Think of a question and two animals that are distinguished by the question.
does it swim  

dog  fish  

Sad


## Programming Step 4: Add the loop

In [6]:
print("Think of a question and two animals that are distinguished by the question.")

question = input("What is the question: ")
yes_animal = input("For which of your two animals is the answer \"yes\": ")
no_animal = input("What is the animal for which the anwer is \"no\": ")

root = Node(question)
root.add_yes_node(yes_animal)
root.add_no_node(no_animal)

root.print_tree()
play_again = "yes"
while play_again == "yes":
    print("Think of an animal.")
    
    leaf = root.traverse_to_leaf()
    correct = input("Is your animal a " + str(leaf) +"? ")

    if correct == "yes":
        print("I rule!")
    else:
        print("Sad")
    
    play_again = input("Would you like to play again? ")

print("OK - goodbye")

Think of a question and two animals that are distinguished by the question.
does it swim  

dog  fish  

Think of an animal.
Sad
OK - goodbye


1. ~~Create a `Node` class to represent the questions and animals.~~
1. ~~Do Algorithm Step 1 and test.~~
1. ~~Implement the tree traversal (Algorithm Step 2) that ends either with the right answer or the wrong one.~~ 
1. ~~Put the "play again" part inside a loop. At this point, the program can't learn anything. It can just guess the two animals that you inserted in Algorithm Step 1 by asking one question.~~
1. Add the creation of new nodes when the program guesses wrong (Algorithm Step 5).

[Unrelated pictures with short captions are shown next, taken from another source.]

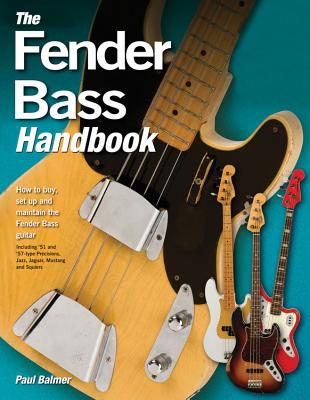 The Fender Bass Handbook: How to Buy, Maintain, Set Up, Troubleshoot, and Modify Your Bass - Balmer, Paul, and Kaye, Carol (Foreword by)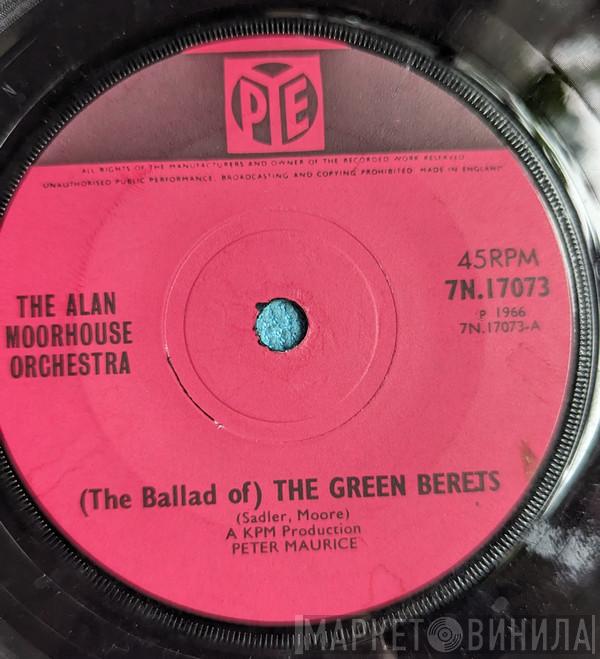 Alan Moorhouse Orchestra - (The Ballad Of) The Green Berets
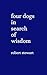Four Dogs in Search of Wisdom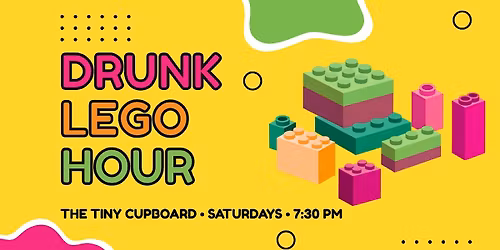 Drunk Lego Hour
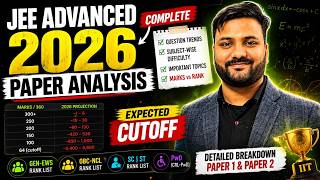 JEE Advanced 2026 Paper Analysis 🔥 Marks vs Rank + Expected Cutoff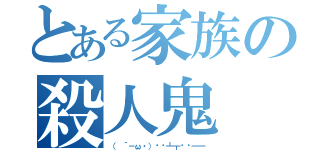 とある家族の殺人鬼（（ ´－ω・）▄︻┻┳══━一）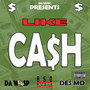 Like Cash - Single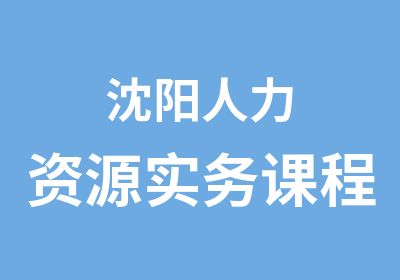 沈阳人力资源实务课程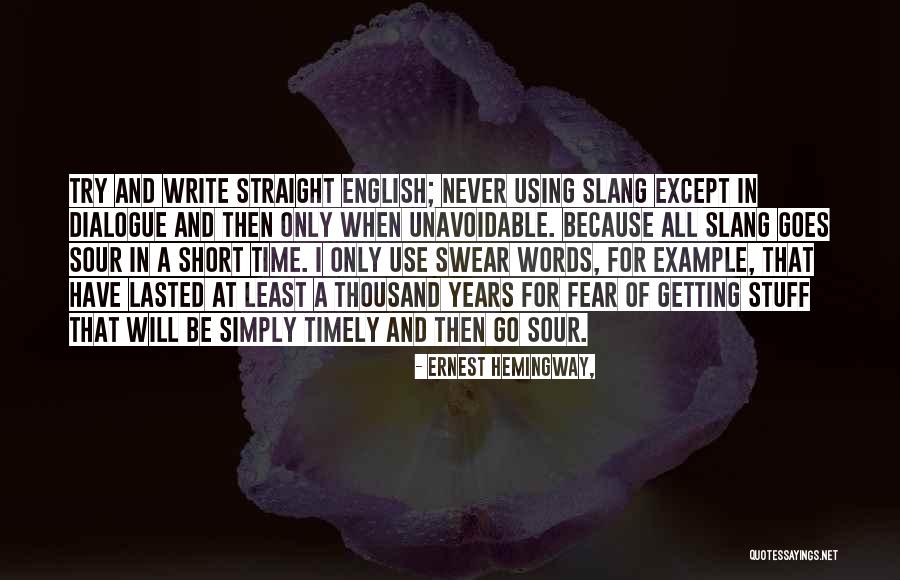 Writing Ernest Hemingway Quotes By Ernest Hemingway, Writing Ernest Hemingway Quotes By Ernest Hemingway,
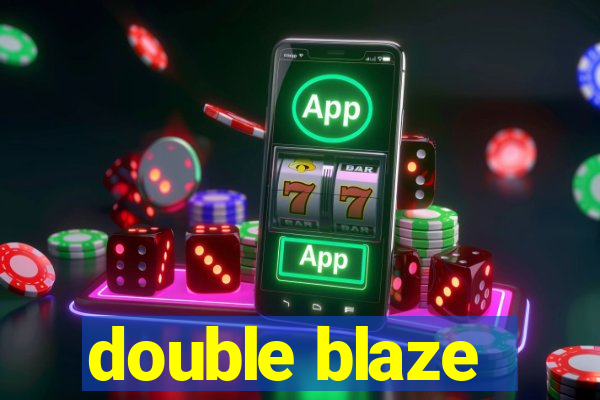 double blaze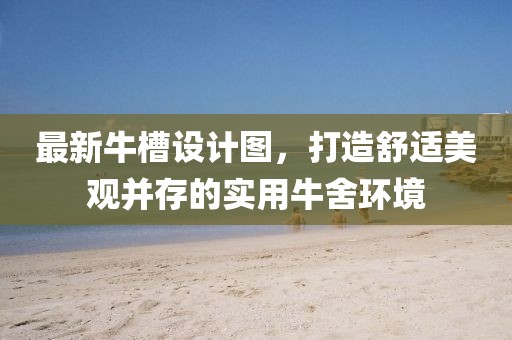 最新牛槽设计图，打造舒适美观并存的实用牛舍环境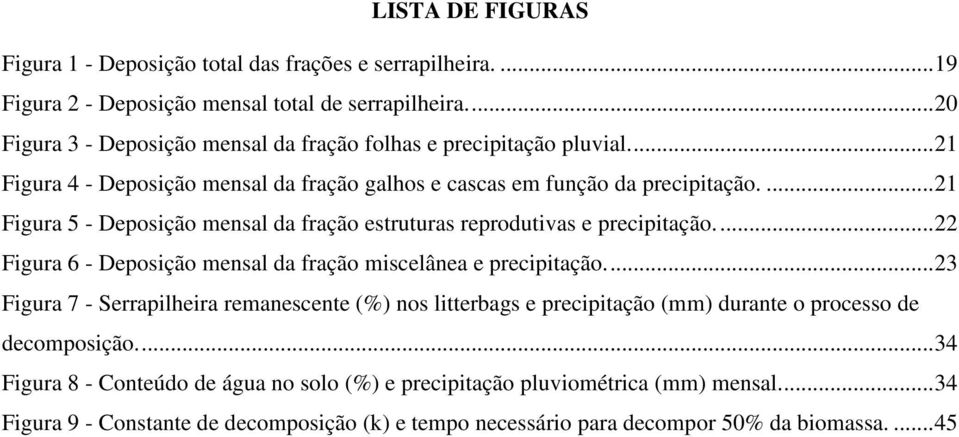 ... 21 Figura 5 - Deposição mensal da fração estruturas reprodutivas e precipitação.... 22 Figura 6 - Deposição mensal da fração miscelânea e precipitação.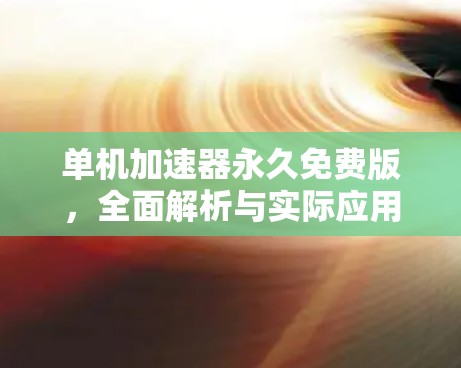 单机加速器永久免费版，全面解析与实际应用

## Programming Step 5: Add new nodes

In [7]:
class Node:
    '''A Node class used by a binary tree class'''
    
    def __init__(self, cargo, no_answer = None, yes_answer = None):
        '''
        (self) -> NoneType
        Create a Node with cargo and no_answer and yes_answe subtrees
        '''
        self.cargo = cargo
        self.no_answer = no_answer
        self.yes_answer = yes_answer
                
    def __str__(self):
        '''
        (self) -> str
        Return a str representation of cargo
        '''
        return str(self.cargo)

    def print_tree(self):
        '''
        (self) -> NoneType
        Prints tree level by level
        '''

        thislevel = [self]

        while thislevel:

            nextlevel = list()

            for n in thislevel:

                print (n.cargo, " ", end = "")

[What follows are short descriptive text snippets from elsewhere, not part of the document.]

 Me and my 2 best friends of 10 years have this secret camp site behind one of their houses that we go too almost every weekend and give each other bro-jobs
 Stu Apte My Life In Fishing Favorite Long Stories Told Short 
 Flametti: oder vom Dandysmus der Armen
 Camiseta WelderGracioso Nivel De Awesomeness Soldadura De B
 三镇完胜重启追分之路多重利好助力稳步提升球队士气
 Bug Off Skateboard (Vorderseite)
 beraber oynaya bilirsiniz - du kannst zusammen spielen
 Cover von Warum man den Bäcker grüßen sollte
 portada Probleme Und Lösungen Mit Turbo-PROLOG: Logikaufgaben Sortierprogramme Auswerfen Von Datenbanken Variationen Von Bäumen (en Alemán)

                if n.no_answer != None:
                    nextlevel.append(n.no_answer)
                if n.yes_answer != None:
                    nextlevel.append(n.yes_answer)

            print("\n")
            thislevel = nextlevel

    def add_yes_node(self,cargo):
        '''
        Create a new node holding cargo and adds it as the yes_answer child
        '''
        yes_node = Node(cargo)
        self.yes_answer = yes_node

    def add_no_node(self,cargo):
        '''
        Create a new node holding cargo and adds it as the yes_answer child
        '''
        no_node = Node(cargo)
        self.no_answer = no_node

    def traverse_to_leaf(self):
        # This is from Seb's 12.2 lecture!
        '''
        (self) -> Node
        Traverse to a leaf node by asking the user questions and going to the sub-tree
        based on the answer
        '''
        on = self
        while on.yes_answer != None and on.no_answer != None: # while we have a internal node, checking if we are at the end, checking if not NONE
            answer = input(on.cargo + " ") # TWO WHILE LINES - for curr.yes_answer != None
            if answer == "yes" or answer == "y":
                on = on.yes_answer

            else:
                on = on.no_answer

        return on
    
    def learn_new_animal(self):
        '''
        (self) -> NoneType
        Split the node by prompting user for question and the new animal
        '''
        
        # get the user info
        question = input("What is a question that differentiates your animal from a " 
                         + self.cargo + "? ")
        on_answer = input("What is the answer to that question for a " + self.cargo + "? ")
        new_animal = input("What is the animal that you were thinking of? ")
        
        # create new nodes
        old_node = Node(self.cargo)
        new_node = Node(new_animal)
        self.cargo = question
        
        # add new nodes to tree
        if on_answer == "yes":
            self.yes_answer = old_node
            self.no_answer = new_node
        else:
            self.yes_answer = new_node
            self.no_answer = old_node
            

In [8]:
print("Think of a question and two animals that are distinguished by the question.")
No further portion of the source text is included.